What We’re Tackling Next
In this final post on the Tour de France theme, we’re levelling up.
We will explore more complex questions such as:
- How many riders won the Tour de France without winning a stage in that year?
- Of the riders who won the most Tours, who rode the most kilometres?
These questions will stretch our data skills further, as we will:
❶ Combine information across multiple columns and tables.
❷ Further practice data cleaning to prepare our data for robust analysis.
Ready? Let’s dive in.
2. Setting The Scene
2.1 Installing / Loading Your Packages
As we saw in previous posts, R’s default base package contains
numerous functionalities. However, it is common to need additional
functionalities that can be loaded with packages. This analysis is no
different. Today, we will use three packages: readr,
stringr, and stringi.
Installing packages in R is straightforward:
if(!require('readr')) install.packages('readr')
if(!require('stringr')) install.packages('stringr')
if(!require('stringi')) install.packages('stringi')
Loading packages is commonly done with the
library(package_name) function, specifying the package
name. However, it only works if the package is already installed on your
machine. The code above is slightly longer, but it attempts to load the
package using require(). If the package is not found, it
will first attempt to install it.
2.2 Loading The Data
If you’ve been following along, you’re already familiar with the structure of our Tour de France dataset and how to load it into R. If not, check out the previous posts for a step-by-step walkthrough.
For this analysis, we will once again load our three tables:
finishers <- read.csv('./data/tdf_finishers.csv')
stages <- read.csv('./data/tdf_stages.csv')
tours <- readr::read_csv('./data/tdf_tours.csv', locale=readr::locale(encoding="UTF-8"))
## Rows: 109 Columns: 6
## ── Column specification ────────────────────────────────────────────────────────────────────────────
## Delimiter: ","
## chr (3): Dates, Stages, Distance
## dbl (3): Year, Starters, Finishers
##
## ℹ Use `spec()` to retrieve the full column specification for this data.
## ℹ Specify the column types or set `show_col_types = FALSE` to quiet this message.
2.3 Cleaning The Data
We also identified specific issues with the riders’ names in the table. We fixed them as follows.
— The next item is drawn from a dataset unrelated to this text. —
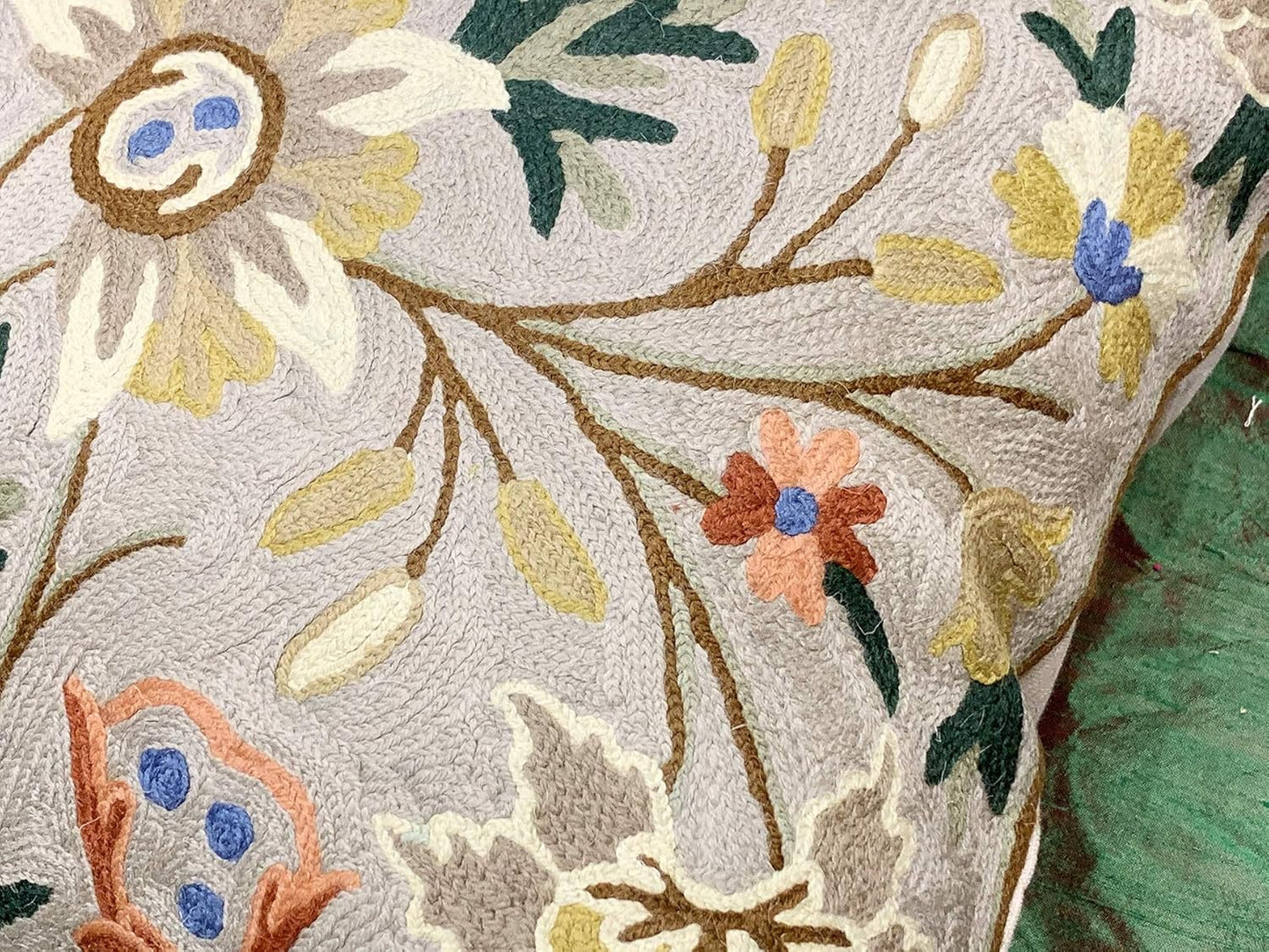 Beige Floral Pillow Cover Taupe Flower Traditional Hand Embroidered Pillowcase Traditional Outdoor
Check our previous post for a detailed explanation of these concepts.
finishers$Rider <- stringi::stri_trans_general(finishers$Rider, "latin-ascii")
stages$Winner <- stringi::stri_trans_general(stages$Winner, "latin-ascii")
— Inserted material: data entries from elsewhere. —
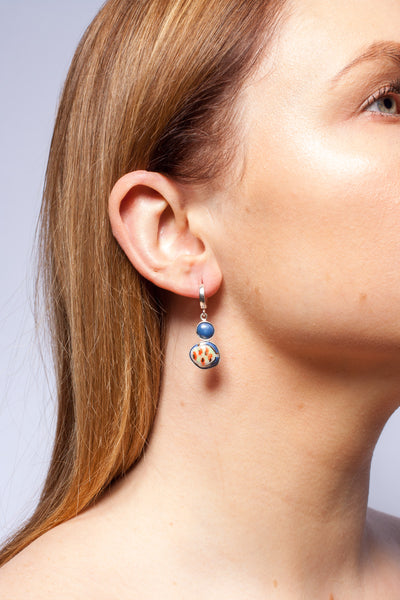 BON BON round colorful long silver earrings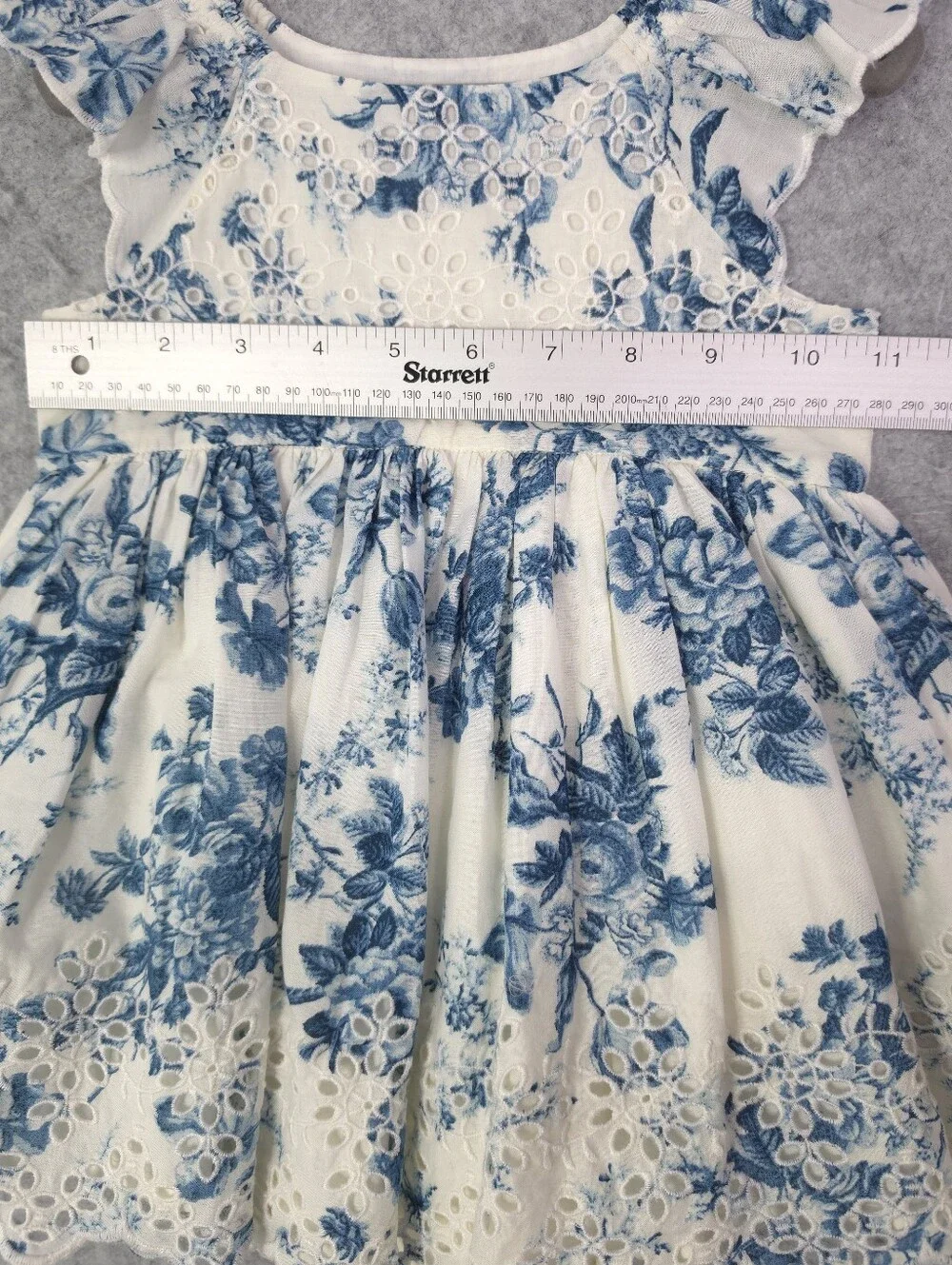 Gap × LoveShackFancy Baby Floral Eyelet Dress in White and Blue Floral Print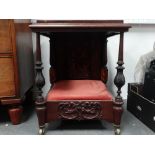 Victorian style dog bed - A mahogany two tier side table, the lower section with upholstered cushion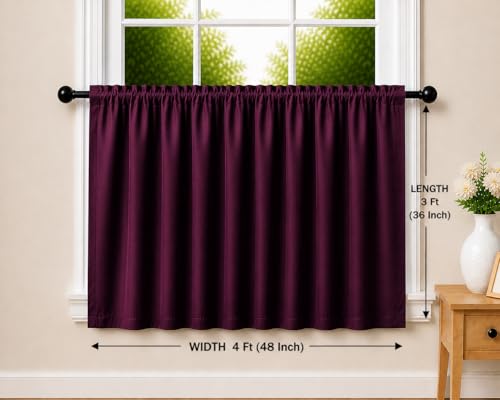 Image of Valance Blackout Rod Pocket Pattern Curtain Pack of 1 Piece, Kitchen Curtain | 3 Feet - Violet
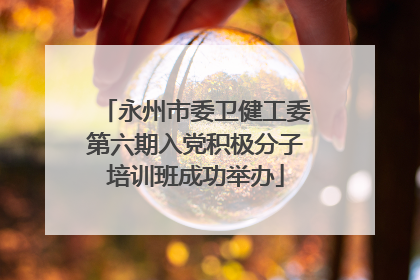 永州市委卫健工委第六期入党积极分子培训班成功举办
finishers[finishers$Rider == "Chris Froome (UK)", 'Rider'] <- "Chris Froome (GBR)"
stages[stages$Winner == 'Maurice Dewaele (BEL)', 'Winner'] <- 'Maurice De Waele (BEL)'
3. Tour de France Trivia
3.1 How Many Riders Won the Tour de France Without Winning Any Stage That Year?
This question is similar to a question we explored in the first post (How Many Riders Won the Tour de France Without Ever Winning a Stage?), adding a new twist: Did the winner also win a stage during that specific Tour? Our previous analysese could only detect the Tour winners who never won a stage, but not those who won a stage one year and their Tour another.
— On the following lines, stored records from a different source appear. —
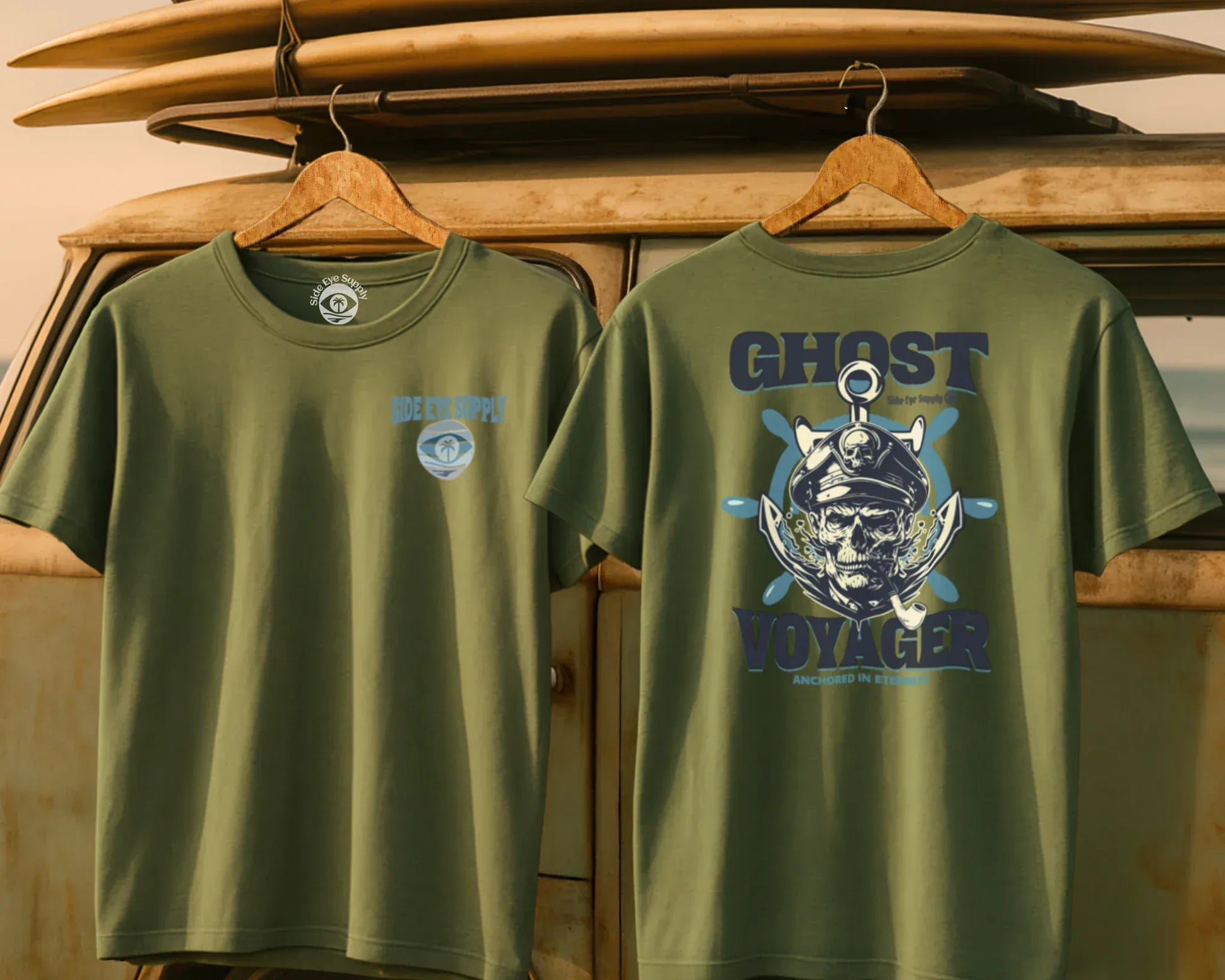 Ghost Voyager Tee Military Green / S - by Side Eye Supply - Surf Beach Life Apparel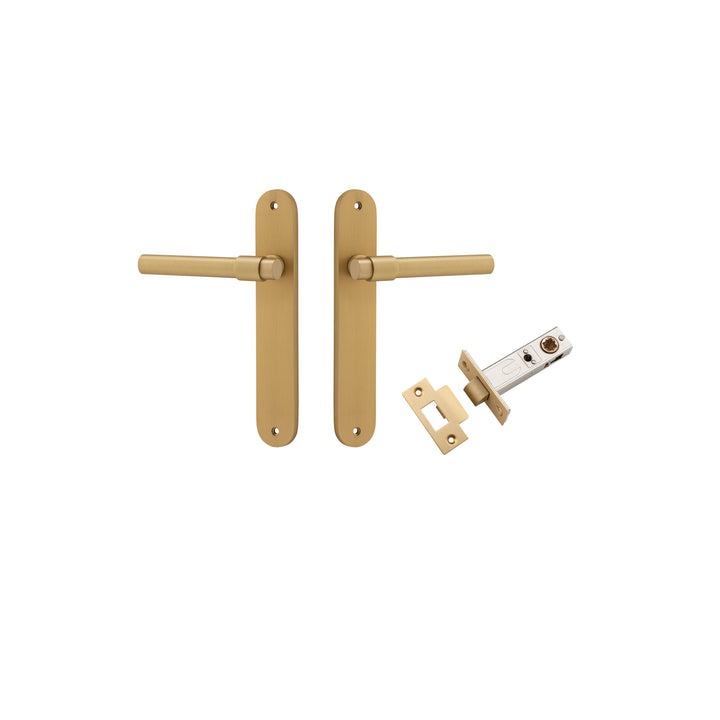 Helsinki Lever - Oval Backplate Passage Kit Brushed Brass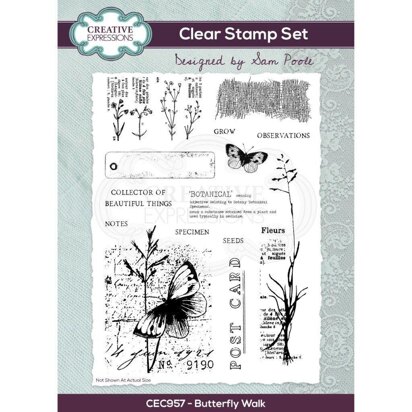 Creative Expressions Sam Poole Butterfly Walk A5 Clear Stamp Set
It’s a subtle but important distinction that requires us to check, for each edition, whether the overall winner claimed any stage victories that year.
Why does this matter? In real-world analysis, refining your question often changes your approach entirely. Here, we move from a simple list comparison to a task that requires merging datasets to align detailed records across tables. That’s why understanding and framing the problem should always come before coding.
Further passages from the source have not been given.